### EXERCISE REQUIREMENTS
Where does the string "iPhone" appear in the records? Copy each line that holds it.

### Dataset entries

◆ ◆ ◆ ◆ ◆

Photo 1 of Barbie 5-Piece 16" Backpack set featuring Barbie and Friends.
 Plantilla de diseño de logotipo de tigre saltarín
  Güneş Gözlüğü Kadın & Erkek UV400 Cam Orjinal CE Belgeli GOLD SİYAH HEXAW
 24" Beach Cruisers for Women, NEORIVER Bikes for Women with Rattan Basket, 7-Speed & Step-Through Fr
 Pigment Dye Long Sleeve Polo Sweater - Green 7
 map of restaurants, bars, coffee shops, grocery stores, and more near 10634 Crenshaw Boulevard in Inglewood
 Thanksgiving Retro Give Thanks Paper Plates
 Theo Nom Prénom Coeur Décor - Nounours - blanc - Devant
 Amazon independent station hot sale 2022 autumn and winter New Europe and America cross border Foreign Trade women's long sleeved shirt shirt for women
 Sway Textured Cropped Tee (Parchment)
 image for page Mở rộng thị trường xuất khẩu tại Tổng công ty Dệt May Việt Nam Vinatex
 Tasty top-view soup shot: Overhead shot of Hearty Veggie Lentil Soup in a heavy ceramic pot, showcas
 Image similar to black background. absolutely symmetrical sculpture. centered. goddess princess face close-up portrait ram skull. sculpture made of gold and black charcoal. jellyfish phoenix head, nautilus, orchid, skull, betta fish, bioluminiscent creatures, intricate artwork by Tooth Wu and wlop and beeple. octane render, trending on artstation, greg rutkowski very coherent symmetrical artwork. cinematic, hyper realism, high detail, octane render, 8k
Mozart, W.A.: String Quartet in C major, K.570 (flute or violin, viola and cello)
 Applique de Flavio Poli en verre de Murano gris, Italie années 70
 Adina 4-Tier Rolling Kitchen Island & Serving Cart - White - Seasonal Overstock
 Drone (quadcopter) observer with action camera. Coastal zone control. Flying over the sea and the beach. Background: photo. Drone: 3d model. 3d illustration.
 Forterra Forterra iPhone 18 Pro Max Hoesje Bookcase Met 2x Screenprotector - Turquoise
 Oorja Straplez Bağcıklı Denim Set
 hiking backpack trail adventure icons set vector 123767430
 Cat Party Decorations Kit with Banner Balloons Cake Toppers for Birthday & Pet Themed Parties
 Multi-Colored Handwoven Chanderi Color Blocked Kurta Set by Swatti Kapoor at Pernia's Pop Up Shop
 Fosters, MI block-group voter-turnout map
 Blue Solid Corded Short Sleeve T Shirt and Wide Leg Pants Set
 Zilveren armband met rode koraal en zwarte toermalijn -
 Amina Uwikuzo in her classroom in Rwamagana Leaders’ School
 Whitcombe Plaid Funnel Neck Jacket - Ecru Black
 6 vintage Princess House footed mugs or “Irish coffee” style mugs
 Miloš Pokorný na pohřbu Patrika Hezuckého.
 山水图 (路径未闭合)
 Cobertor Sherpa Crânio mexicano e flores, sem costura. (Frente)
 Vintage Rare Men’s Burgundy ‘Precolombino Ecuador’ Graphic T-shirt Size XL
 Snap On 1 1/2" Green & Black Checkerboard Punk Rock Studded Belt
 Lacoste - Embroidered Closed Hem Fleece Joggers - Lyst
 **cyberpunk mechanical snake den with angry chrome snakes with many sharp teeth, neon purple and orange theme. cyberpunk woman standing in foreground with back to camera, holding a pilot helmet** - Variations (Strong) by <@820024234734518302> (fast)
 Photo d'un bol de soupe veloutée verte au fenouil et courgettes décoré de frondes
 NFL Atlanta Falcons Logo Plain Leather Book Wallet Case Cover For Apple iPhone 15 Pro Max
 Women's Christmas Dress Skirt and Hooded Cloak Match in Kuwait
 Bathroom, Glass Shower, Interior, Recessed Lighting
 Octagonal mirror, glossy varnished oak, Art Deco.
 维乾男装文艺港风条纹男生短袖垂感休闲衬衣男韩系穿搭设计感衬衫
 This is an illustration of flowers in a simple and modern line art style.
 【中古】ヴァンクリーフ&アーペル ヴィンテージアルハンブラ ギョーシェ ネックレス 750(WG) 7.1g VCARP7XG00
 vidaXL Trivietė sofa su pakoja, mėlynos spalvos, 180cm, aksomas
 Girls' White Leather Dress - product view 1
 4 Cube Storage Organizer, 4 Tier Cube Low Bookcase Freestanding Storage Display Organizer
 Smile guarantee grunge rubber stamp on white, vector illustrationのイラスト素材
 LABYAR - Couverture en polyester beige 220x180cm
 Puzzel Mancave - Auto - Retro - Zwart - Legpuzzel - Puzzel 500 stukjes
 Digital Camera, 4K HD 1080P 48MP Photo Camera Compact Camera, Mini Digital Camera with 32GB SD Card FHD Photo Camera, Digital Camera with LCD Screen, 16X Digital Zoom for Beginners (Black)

◆ ◆ ◆ ◆ ◆

### EXERCISE ANSWER
 Forterra Forterra iPhone 18 Pro Max Hoesje Bookcase Met 2x Screenprotector - Turquoise
 NFL Atlanta Falcons Logo Plain Leather Book Wallet Case Cover For Apple iPhone 15 Pro Max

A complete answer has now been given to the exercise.